R1–R2: Icy slabs with a small number of "live" rocks, moving left and up. Sections R0–R2, between 8:30 and 13:30, may be exposed to melting ice and falling rocks. Recommended to pass early in the morning or after 15:00.
R2–R3: Icy internal corner — straight up under the overhang of the main wall massif. Tight cracks require thin pitons or "Friend" type chocks. Sitting bivouac for 2-3 people.
R3–R4: Up and right through the internal corner.
R4–R5: Internal corner becomes almost vertical, small overhangs are traversed with free climbing. Protection through chocks and pitons is reliable. At belay stances, there are 3-4 rope anchor points everywhere. At the end of section R4–R5, there are narrow ledges on the right. Sitting bivouac (can accommodate 6-8 people).

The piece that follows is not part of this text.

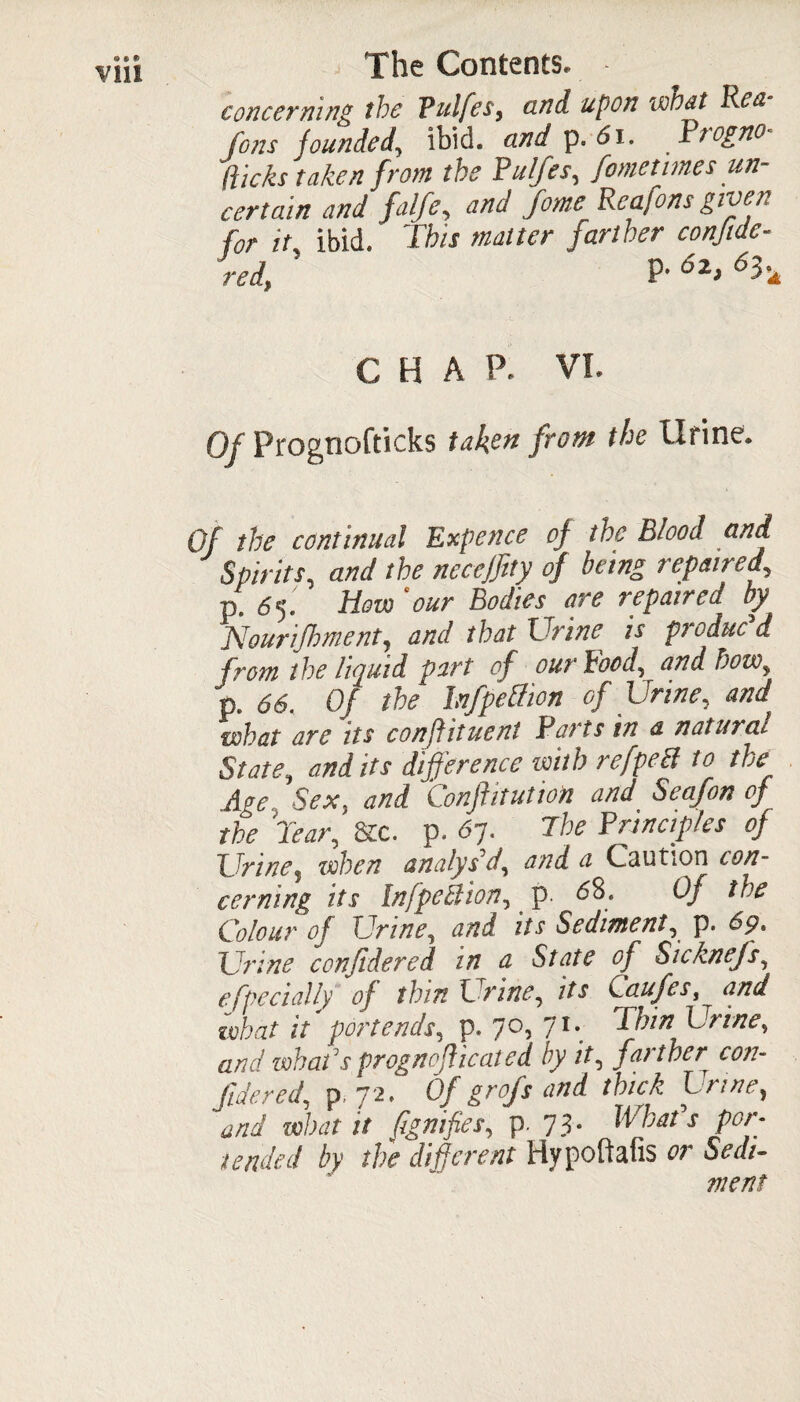 Vlll concerning the Vulfes, and upon wttat Ren Jons founded, ibid, and p. 61. Piogno (ticks taken from the Pulfes, fometimesun¬ certain and falfe, and fome Reafons given for it ibid. This matter farther conjtde- red, ’ P- 6*> 6h CHAP. VI. Of Prognofticks taken from the Urine. Of the continual Expence of the Blood and Spirits, and the neceffity of being repaired, p. 65. How ‘our Bodies• are repaired by Nourijhment, and that Trine is produc d from the liquid part of our Food, and how, p. 66. Of the Infpeftion of Urine, and what are its confiituent Parts in a natural State, and its difference with refpeB to the „Age Sex, and Conftitution and Seafon of the Tear, 8cc. p. Sy. The Principles of Urine? when analys'd, and a Caution con¬ cerning its Inf petit ion, p. 68. Of the Colour of Urine, and its Sediment, p. 6p, Urine confidered in a State of Sicknefs, efpc dally of thin Urine, Caufes, what it portends, p. 7°> 71*. Urine, and when'sprogno(hecited by it, farther con- /tfW, p.72. Of gr of sand thick Urine, W wLr 7/ (ignifies, p. 73* 7^/ />>’ /k Hypoftafis or went
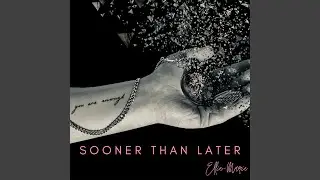 Sooner Than Later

R5–R6: Straight up the wall with very small footholds under the base of a large, overhanging rust-colored internal corner that goes up slightly to the left.
R6–R7: Entry into the internal corner through the first large overhang using bolts, as cracks are tight and rock is slightly exfoliating. Then, through three overhangs, the route goes slightly right under a monolithic slab with very small footholds.
R7–R8: Free climbing on the slab, protection through long 3mm pitons. Exit under the internal corner with an overhang at the lower part.
R8–R9: Moving left and up through a monolithic overhang, feet on small inclined ledges. Chocks (Abalakov's "fists") work well. Bivouac on narrow ledges.
R9–R10: Gray slabs lead under the base of another internal corner.
R10–R11: Internal corner with a good crack for chocks leads to a flattening of the wall, which can be called a small cirque.
R11–R12: Traverse of the cirque straight up.
R12–R13: Inclined smooth slab, friction climbing, leads under the base of an internal corner.
R13–R14: Wide internal corner with walls of tiled structure, many "live" rocks. Bivouac on a platform carved in the ice.
R14–R15: Straight up through a monolithic crevice to icy rocks.
R15–R16: Large blocks. Protection through chocks and "Hexentrics".
R16–R17: Ice wall is traversed using front points with two ax blows. Protection through ice screws.
R17–R18: Exit to the summit via a snowy ridge with destroyed rocks.
Throughout the route, double rope is used.